I stepped away from the papers and went inside his room. There he was, extremely sunken into his bed. Guilty of me, I made him lose that performance that day. That must have been the start of him losing it.

My eyes felt heavy and puffy. It seemed like I just had another terrible memory of my brother in that dream. It felt too clear. I sat myself up and looked at myself in the mirror that was in front of me. My phone rang with notifications. It also seemed like my fans remembered my birthday.

"I'm so tired." I sighed out of exhaustion and collapsed to the bed again.
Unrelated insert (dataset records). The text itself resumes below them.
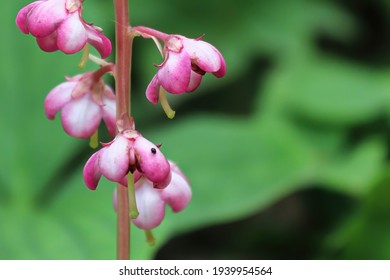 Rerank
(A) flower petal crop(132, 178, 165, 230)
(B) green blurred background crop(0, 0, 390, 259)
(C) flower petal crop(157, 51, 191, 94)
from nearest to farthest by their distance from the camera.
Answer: (C) flower petal crop(157, 51, 191, 94) → (A) flower petal crop(132, 178, 165, 230) → (B) green blurred background crop(0, 0, 390, 259)

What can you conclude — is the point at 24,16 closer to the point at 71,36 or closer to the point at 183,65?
the point at 71,36

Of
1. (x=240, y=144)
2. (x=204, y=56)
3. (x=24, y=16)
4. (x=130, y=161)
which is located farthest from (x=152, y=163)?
(x=240, y=144)

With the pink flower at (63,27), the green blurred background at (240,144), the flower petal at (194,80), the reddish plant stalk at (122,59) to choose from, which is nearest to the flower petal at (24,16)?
the pink flower at (63,27)

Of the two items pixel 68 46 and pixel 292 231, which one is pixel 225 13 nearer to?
pixel 292 231

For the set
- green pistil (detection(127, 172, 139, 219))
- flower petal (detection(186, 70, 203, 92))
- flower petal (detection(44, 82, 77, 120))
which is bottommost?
green pistil (detection(127, 172, 139, 219))

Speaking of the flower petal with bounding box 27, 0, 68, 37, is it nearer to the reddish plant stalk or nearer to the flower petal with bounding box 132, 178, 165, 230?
the reddish plant stalk

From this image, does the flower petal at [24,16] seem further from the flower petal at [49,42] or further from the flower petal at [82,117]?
the flower petal at [82,117]

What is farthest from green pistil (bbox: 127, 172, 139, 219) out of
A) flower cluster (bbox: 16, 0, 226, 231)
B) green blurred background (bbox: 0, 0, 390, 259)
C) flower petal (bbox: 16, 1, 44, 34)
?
green blurred background (bbox: 0, 0, 390, 259) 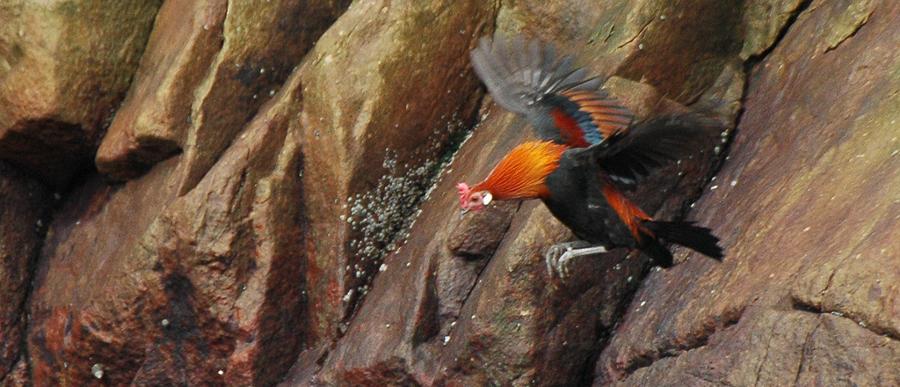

I hate having dreams of him. They are just reminders that I killed him. True nightmares. Ever since he passed away, I saw myself as a revealed villain. My "friends" told me I was wrong. Then my mother became disappointed in me. And now I was alone. If only I had the chance to change the past, so he wouldn't have done it... The thoughts of him crushed me.

My legs rose up and I hurried down my hallway towards the living room. The smell of fresh roses lingered through my apartment. I walked to my kitchen counter, admiring all the gifts I received. My manager did great. I reached for the bouquet of roses and inhaled the fresh scent I've been needing. Then I looked inside the gift bag to see...

"Holy fuck!" My mouth dropped in pure happiness. Dom Perignon Champagne. She knew my favorite brand? She was just too sweet!

I hugged the bottle in my arms and twirled around the room like an idiot. Maybe having a birthday wasn't too bad. My cheeks hurt from smiling way too hard. I went over to my storage shelf which was under the stairs to the second floor of my condo. My eyes glistened as I witnessed another sight of my collection of champagne.